See the message format here: https://github.com/XapaJIaMnu/translateLocally/blob/cf92a04e414dde9d5ffc8e65129a7d6e1dbb04eb/src/cli/NativeMsgIface.h#L239-L264
And an example of how this is used in the web extension: https://github.com/jelmervdl/translatelocally-web-ext/blob/main/src/background/TLTranslationHelper.js#L95-L98
If I may ask, what's your use case? I've so far only used it for benchmarking. My idea has been that ideally TranslateLocally would be able to figure out the optimum values by itself.
This is currently not implemented, but does partially exist in a branch: https://github.com/XapaJIaMnu/translateLocally/tree/nativemsg-configure-cmd. Only cache size and threads can be changed there, but adding fields for the number of cache mutexes is an option. Changing the amount of memory marian is allowed to use for its workspace could be added in a similar way as the number of threads is already implemented.
Brilliant, I'll give it a go. Is this something you would want to merge into main?
If I may ask, what's your use case? I've so far only used it for benchmarking. My idea has been that ideally TranslateLocally would be able to figure out the optimum values by itself.
I'm building an application that utilizes translation, where I would like to offer more advanced options for the end user. Automatic configuration would be ideal indeed, if that's possible. Are there known optimal values for maximum translation speed that are easily figured out based on CPU speed, threads, memory etc?
Brilliant, I'll give it a go. Is this something you would want to merge into main?
I suppose it should. I do want to make it a bit more robust before that, i.e. be okay with TranslateLocally adding more options without breaking when you don't provide these newer options.

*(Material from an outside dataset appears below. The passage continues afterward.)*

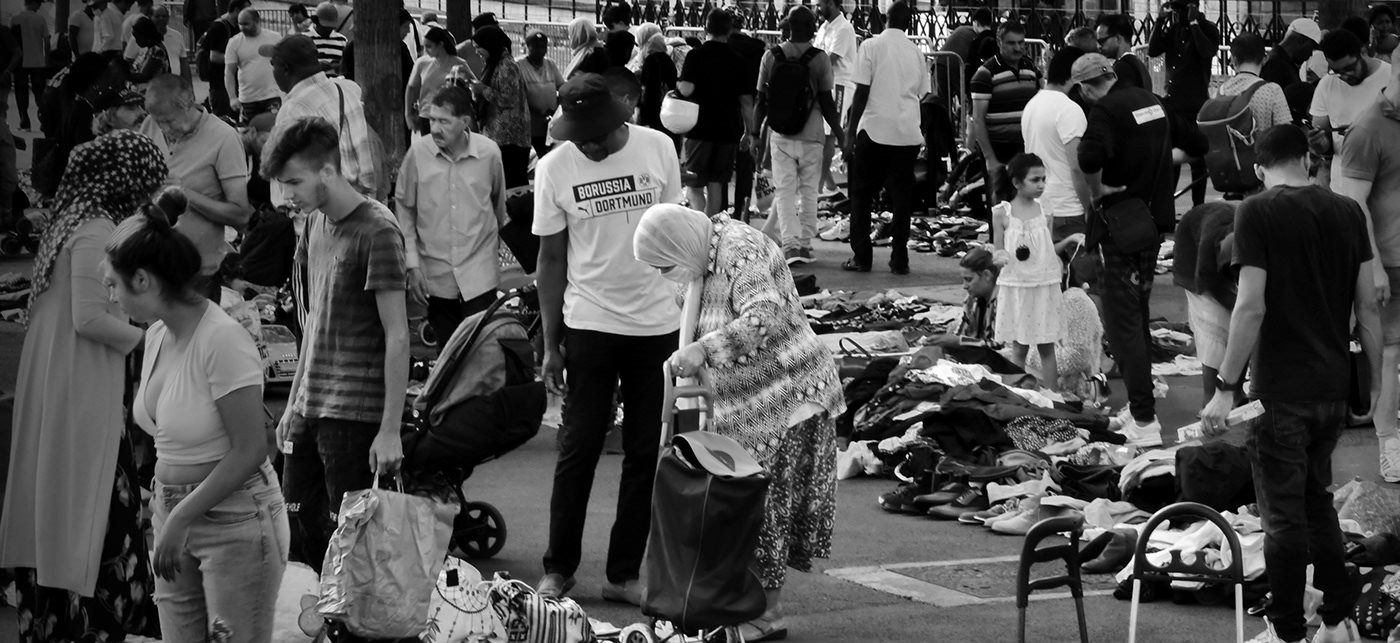 black and white city leben life monochrome people stadt Street Travel Urban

And make sure that if you change settings it handles the queue correctly and doesn't lose translation requests because of the restart. (Not sure if it does now, but that wasn't something that could happen in the use case I had for it.)
Are there known optimal values for maximum translation speed that are easily figured out based on CPU speed, threads, memory etc?

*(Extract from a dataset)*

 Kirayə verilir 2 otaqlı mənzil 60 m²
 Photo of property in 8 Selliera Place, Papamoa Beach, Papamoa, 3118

I thought so, but maybe not. It depends also on the application. For example, if you have more memory you can increase the batch size, which will increase throughput. But it will also increase latency a lot. So good for batch translation, less so for interactive ones. Similarly, more threads can decrease latency again for a bit, but if you're just translating single sentences (because the rest is already in cache) like TranslateLocally it doesn't have much benefit.

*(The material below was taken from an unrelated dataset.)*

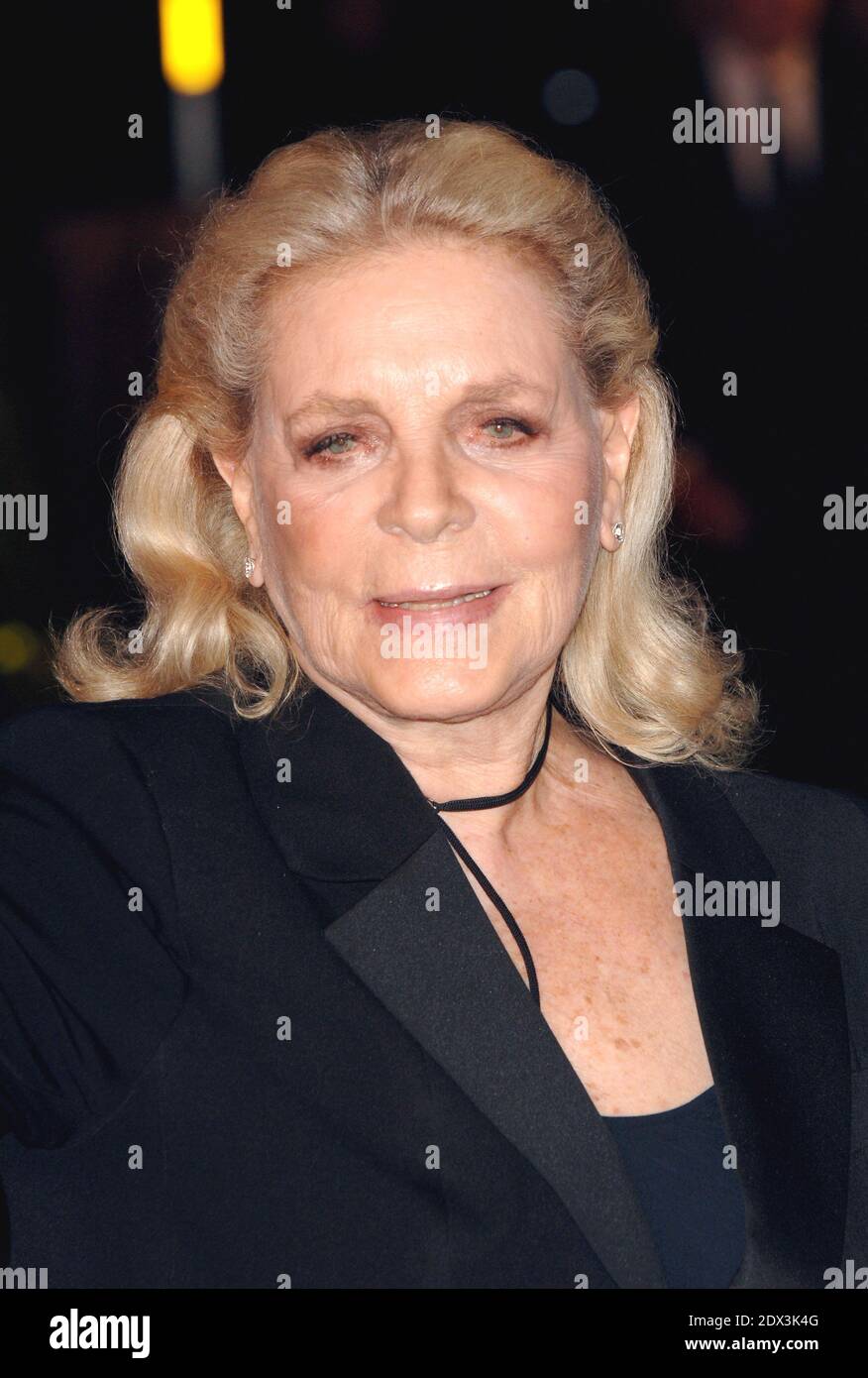 L'actrice hollywoodienne Lauren Bacall est décédée à l'âge de 89 ans après avoir subi un accident vasculaire cérébral chez elle à New York. Photo du dossier : Lauren Bacall arrivant à la Vanity Fair Oscar Party 2006 qui s'est tenue à Morton's à Los Angeles, CA, USA le 5 mars 2006. Photo de Hahn-Khayat-Nebinger/ABACAPRESS.COM Banque D'Images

I suppose it should. I do want to make it a bit more robust before that, i.e. be okay with TranslateLocally adding more options without breaking when you don't provide these newer options. And make sure that if you change settings it handles the queue correctly and doesn't lose translation requests because of the restart. (Not sure if it does now, but that wasn't something that could happen in the use case I had for it.)
I see. I haven't had the time to try the branch yet but I am still interested to use & develop that part, however, I likely won't have time to do anything for quite some time.
Another question though. I assume most translation config params from https://github.com/browsermt/marian-dev/blob/69e27d298419a2ff0e24ea7c43cad997fa8230c0/src/common/config_parser.cpp would be implemented roughly the same way?
I thought so, but maybe not. It depends also on the application. For example, if you have more memory you can increase the batch size, which will increase throughput. But it will also increase latency a lot. So good for batch translation, less so for interactive ones. Similarly, more threads can decrease latency again for a bit, but if you're just translating single sentences (because the rest is already in cache) like TranslateLocally it doesn't have much benefit.
Interesting. Thank you!
Hello again,
Is it possible to change settings like 'Threads', 'Memory per thread' and 'Translation cache' through NativeMessaging or/also when initiating the process?
If not, I'd like to make a feature request for it. I'm looking into it myself at the moment but I have very little proficiency in C++ so it may take a while.